Craftsman Automation Limited announced the extension of the long stop date for its Asset Purchase Agreement (APA) concerning the sale of assets related to the Piston Manufacturing Business to Shriram Pistons & Rings Limited (SPRL). The completion deadline has been mutually extended from March 31, 2026, to June 30, 2026. This extension allows the finalization of the transaction, which is planned to occur across multiple tranches, with the second tranche expected to close by the new deadline.
Extension of Asset Sale Deadline
Craftsman Automation Limited has formally communicated an extension regarding the previously announced Asset Purchase Agreement (APA). This agreement involves the sale of identified plant, machinery, and related assets pertaining to the Piston Manufacturing Business, currently held by the Wholly Owned Subsidiary, Sunbeam Lightweighting Solutions Limited, to Shriram Pistons & Rings Limited (SPRL).

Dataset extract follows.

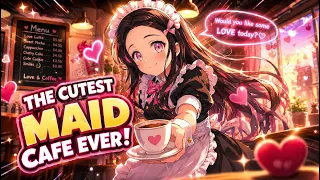 Demon Slayer Kimetsu no Yaiba Nezuko Kamado - Maid Cafe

Following commercial discussions, the parties have mutually agreed to revise the long stop date under the APA. The original deadline of March 31, 2026, has been formally extended to June 30, 2026.
Transaction Completion Details
The company confirmed that an Amendment Agreement to the APA was executed on March 27, 2026. The completion of the Proposed Transaction is structured in multiple tranches. The first tranche was successfully completed on December 31, 2025, involving the transfer of initial assets for INR 10 Crores (excluding applicable GST).

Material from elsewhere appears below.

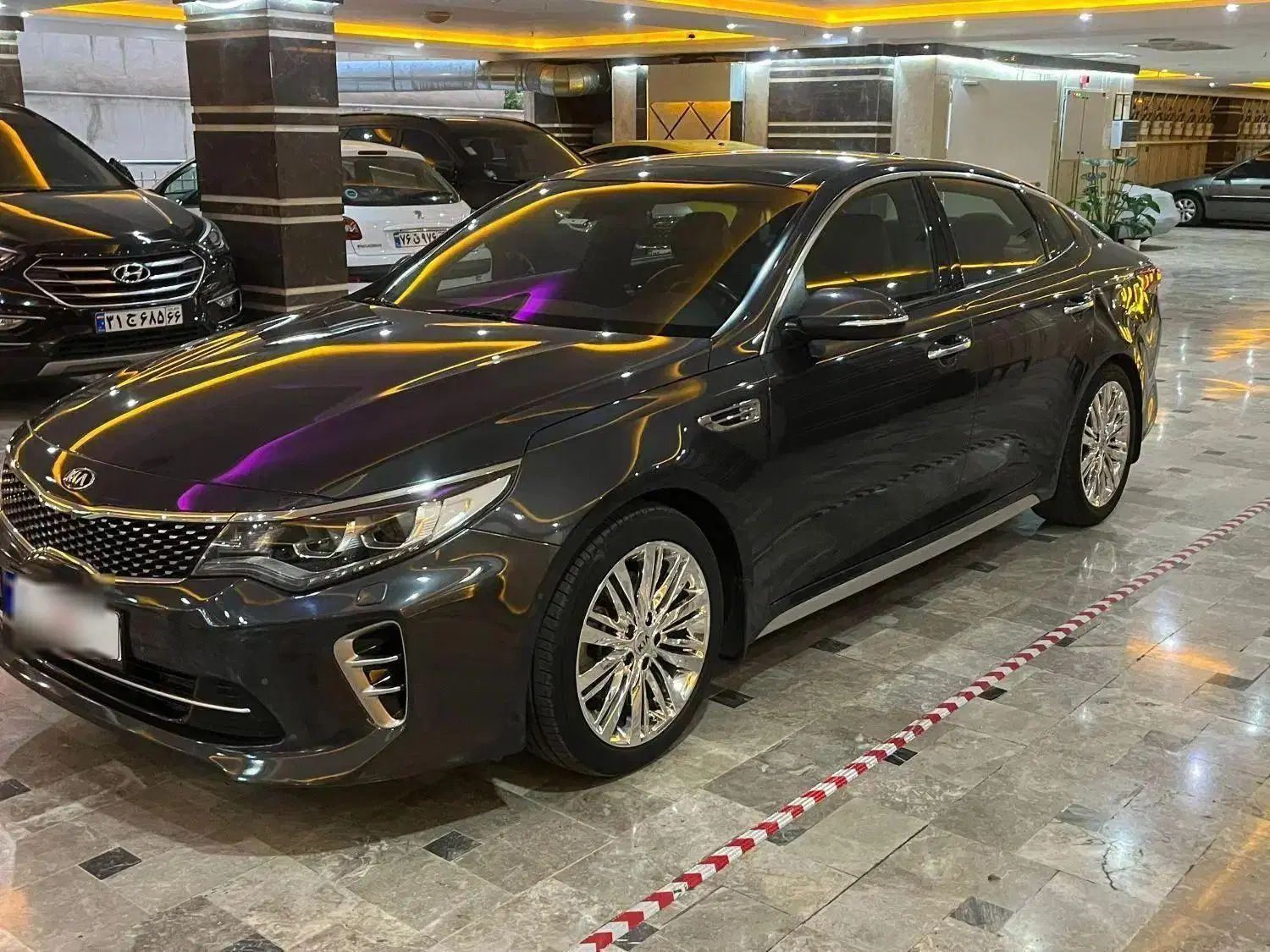 کیا اپتیما 3رادار -GT LINE - JF - 2017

The closing formalities for the second tranche are now anticipated to be completed on or before June 30, 2026. The total aggregate consideration for the entire transaction is set at Rs. 28 Crores, exclusive of applicable GST, which will be paid by SPRL in cash.
Buyer and Related Party Status
The buyer, SPRL, which has its registered office in New Delhi, does not form part of the Promoter, Promoter Group, or Group Companies of Craftsman Automation Limited.
Furthermore, the transaction is explicitly stated not to constitute a related party transaction as defined under applicable regulations and accounting standards, meaning it is conducted at “arm’s length”.
Given that the transaction involves the sale of an asset, the details concerning the turnover, revenue, income, and net worth contribution from the unit being sold during the last financial year are not applicable.